Anne is set in 18th Century London, one of my favourite periods in history, can you tell us about this time and in particular about the setting for the book?
 I really like this period in English history as well. I myself love England, although I haven’t been there yet. I’m especially fascinated with its history. I’ve also researched England and its history thoroughly, especially for the background of my novel. And from what my research has revealed to me, I believe that 18th century England was either a great time or a bad time depending on one’s social class. If you were first or second class, I imagine that life was pretty good and others treated you with favor and respect. However, if you were third class, I imagine that life was pretty difficult. I have reason to believe that many poor people were homeless or almost homeless during this time, begged for food from those who were better off, and resided in the dirty slums of big cities like London. And this setting is exactly where my titular character, Anne, finds herself in the beginning of the story. By the time she’s twelve years of age, Anne is homeless and alone on the dark side of London, in the slums. Her mother had died giving birth to her, and because of this loss, her father became insane, hated Anne, and treated her violently. When Anne is twelve years old, her father, an alcoholic, kills himself by burning down their home, and Anne is immediately homeless, poor, and alone.

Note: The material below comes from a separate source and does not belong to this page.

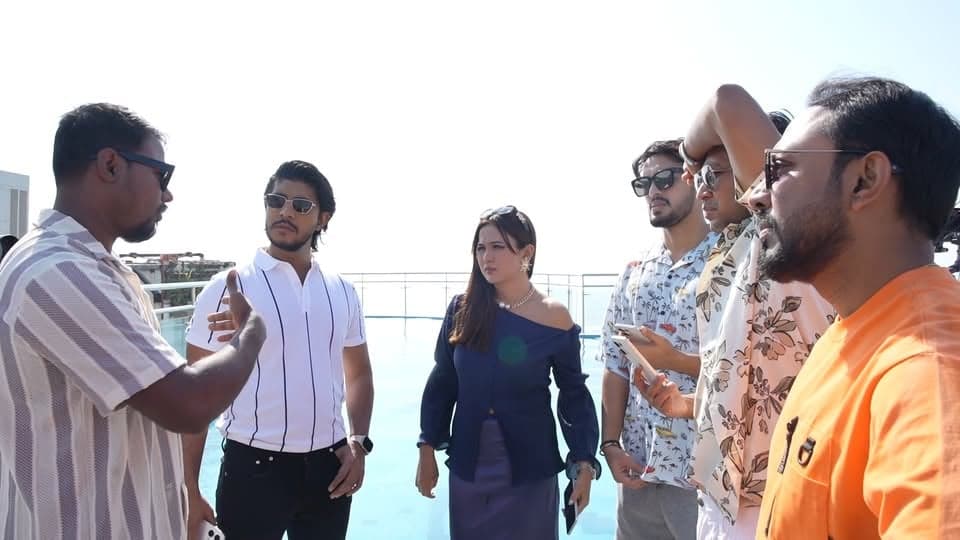 তৌসিফ মাহবুব - চমক - শাওন - তাশরিফ - ইরফান কার টিম জিতবে চ্যাম্পিয়নশিপ? 🔥 এক ঝাক কনটেন্ট ক্রিয়েটর আর স্টারদের নিয়ে দেশি স্কুইড গেমসে স্বাগতম! আর সাথে থাকছে Reno13 Series এর লঞ্চ ইভেন্ট।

Anne is the star of your novel, she seems a wilful young woman, can you tell us more about her?
 As stated in the previous question, Anne doesn’t have a very good start in life. She knows this, but instead of letting the fact that she’s poor, homeless, and alone get the better of her and make her depressed, she gathers strength from her sufferings and a strong hope for a better life is rooted within her. However, this isn’t to say that Anne is a cheerful, happy person. She gathers strength from her hard life, but that strength is represented in a highly selfish, egotistical manner. Anne’s sufferings have toughened her, but she cares little for anything or anyone besides herself. The opening pages of my novel help to illustrate this further:

Fourteen-year old Anne Falkman had beheld this all through eyes that esteemed the dire need to be firm and strong, haughty and traitorous. She had always espied the world with beautiful eyes that betrayed their attractiveness but clung fast to life itself and the hope for joy that such a thing as fate could someday bring her.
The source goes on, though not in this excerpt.